21%: Alphabet's core advertising business, which accounts for 87% of Alphabet's total revenue, continued to thrive, with 21% year-over-year revenue growth. Management said advertising revenue growth was driven by strong growth across its Google-branded sites -- namely mobile search on Google.
Alphabet's total revenue for the quarter was $27.7 billion, up from $22.5 billion in the year-ago quarter. On average, analysts were expecting third-quarter revenue of $27.2 billion.
28%: Alphabet's growth put the spotlight on the company's ability to scale.
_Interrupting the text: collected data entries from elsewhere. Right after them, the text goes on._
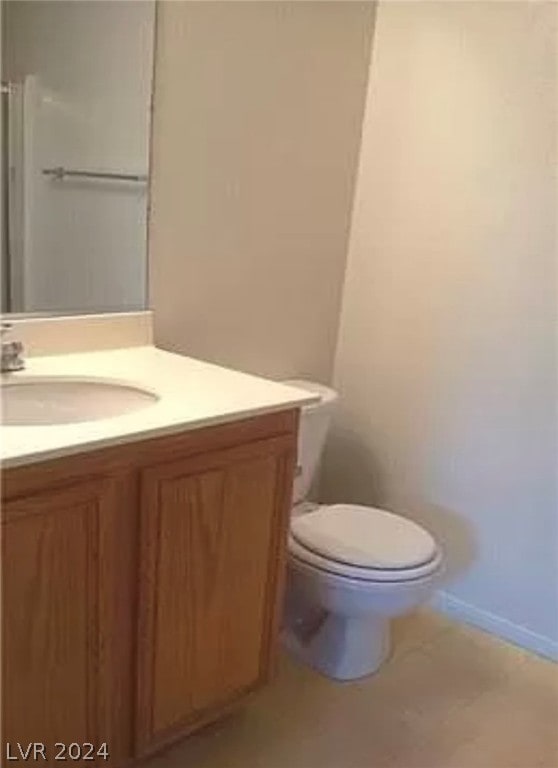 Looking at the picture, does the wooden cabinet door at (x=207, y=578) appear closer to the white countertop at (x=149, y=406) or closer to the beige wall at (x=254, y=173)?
the white countertop at (x=149, y=406)

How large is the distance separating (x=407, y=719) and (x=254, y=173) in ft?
4.57

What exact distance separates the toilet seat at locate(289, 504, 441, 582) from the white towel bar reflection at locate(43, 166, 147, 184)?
922mm

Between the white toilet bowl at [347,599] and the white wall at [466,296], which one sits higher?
the white wall at [466,296]

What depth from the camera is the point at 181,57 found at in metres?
2.02

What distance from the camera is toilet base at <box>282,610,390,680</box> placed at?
221 cm

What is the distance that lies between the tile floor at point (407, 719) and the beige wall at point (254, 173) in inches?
34.3

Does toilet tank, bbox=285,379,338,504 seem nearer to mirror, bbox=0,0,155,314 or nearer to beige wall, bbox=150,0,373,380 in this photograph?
beige wall, bbox=150,0,373,380

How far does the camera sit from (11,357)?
1.78 m

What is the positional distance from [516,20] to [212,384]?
122 centimetres

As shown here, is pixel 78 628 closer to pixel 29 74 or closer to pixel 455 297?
pixel 29 74

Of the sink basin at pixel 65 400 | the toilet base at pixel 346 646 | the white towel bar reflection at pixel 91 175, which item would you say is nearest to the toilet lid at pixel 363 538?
the toilet base at pixel 346 646

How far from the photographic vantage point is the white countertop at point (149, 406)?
141 centimetres

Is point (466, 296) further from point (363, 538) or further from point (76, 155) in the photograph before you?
point (76, 155)

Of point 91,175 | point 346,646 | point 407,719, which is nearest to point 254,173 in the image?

The company's operating margin expanded from 26% in the year-ago quarter to 28% in Q3.
32%: Alphabet's EPS climbed 32% year over year in Q3 to $9.57. On average, analysts were expecting EPS of $8.33.
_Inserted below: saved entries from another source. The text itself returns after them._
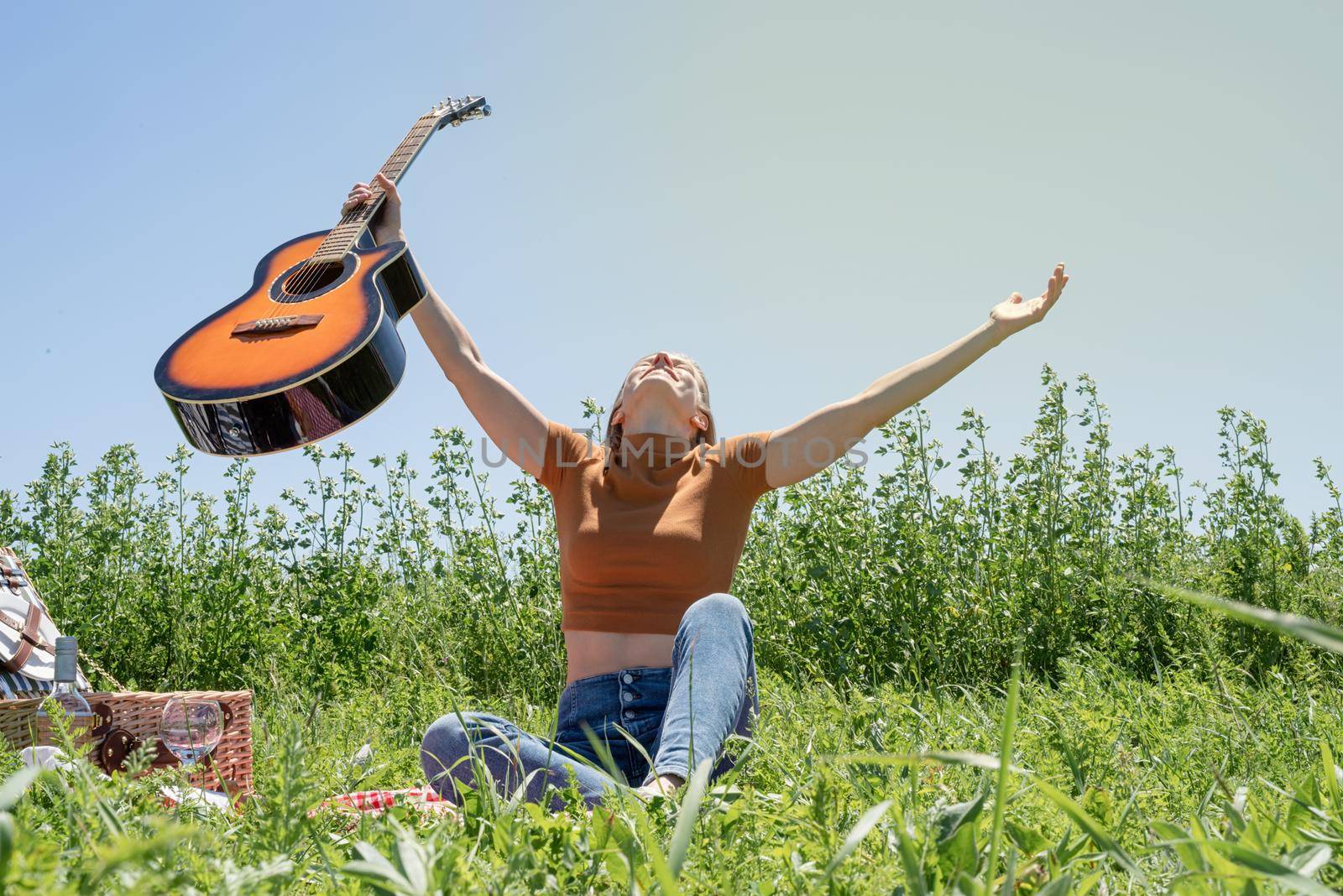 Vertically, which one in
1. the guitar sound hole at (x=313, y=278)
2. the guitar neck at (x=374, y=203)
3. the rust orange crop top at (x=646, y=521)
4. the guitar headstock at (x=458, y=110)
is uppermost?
the guitar headstock at (x=458, y=110)

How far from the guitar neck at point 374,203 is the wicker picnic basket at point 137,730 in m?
1.46

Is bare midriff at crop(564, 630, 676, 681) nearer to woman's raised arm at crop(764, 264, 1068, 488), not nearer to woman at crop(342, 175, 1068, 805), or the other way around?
woman at crop(342, 175, 1068, 805)

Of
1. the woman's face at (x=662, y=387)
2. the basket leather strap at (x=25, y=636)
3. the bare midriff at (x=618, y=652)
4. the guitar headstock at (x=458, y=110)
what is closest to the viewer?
the bare midriff at (x=618, y=652)

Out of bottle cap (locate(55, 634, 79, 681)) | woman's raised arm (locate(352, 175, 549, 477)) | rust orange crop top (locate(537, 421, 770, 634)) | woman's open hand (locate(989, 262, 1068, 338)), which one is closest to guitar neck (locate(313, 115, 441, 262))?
woman's raised arm (locate(352, 175, 549, 477))

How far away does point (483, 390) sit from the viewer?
318cm

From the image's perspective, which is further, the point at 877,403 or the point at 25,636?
the point at 25,636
47%: Though Alphabet's cost-per-click, or the amount advertisers pay Alphabet for each click on an ad, was down 18% year over year, Alphabet easily made up for this in a 47% rise in aggregate paid clicks.
40%: Revenue from Alphabet's Google other segment, not to be confused with Alphabet's "other bets" segment, soared 40% year over year, nearly keeping up with the strong 42% growth in Google other revenue in Q2. The increase was driven by growth in Cloud, Play, and hardware, management said.
Growth in Alphabet's Google other revenue is important, as it helps diversify business away from advertising.
53%: Alphabet's "other bets" revenue, or revenue generated from Google's "moonshot" side projects like Nest, Fiber, and Verily, was $302 million, up 53% year over year.
($812 million): Wrapping up these metrics with one sore spot, Alphabet's other bets operating loss of $812 million continued to weigh on the company's profitability. But the loss was slightly narrower than other bets' operating loss in the year-ago quarter of $861 million.
In a testament to the sustainability and resilience of Alphabet's business, strong growth during the quarter came not only from advertising, but also from the Cloud, the Google Play store, Google-branded hardware, and other bets. The broad-based growth should be applauded by shareholders.
Alphabet CFO Ruth Porat summed up the company's diversified success in the quarter, saying, "Our momentum is a result of investments over many years in fantastic people, products and partnerships."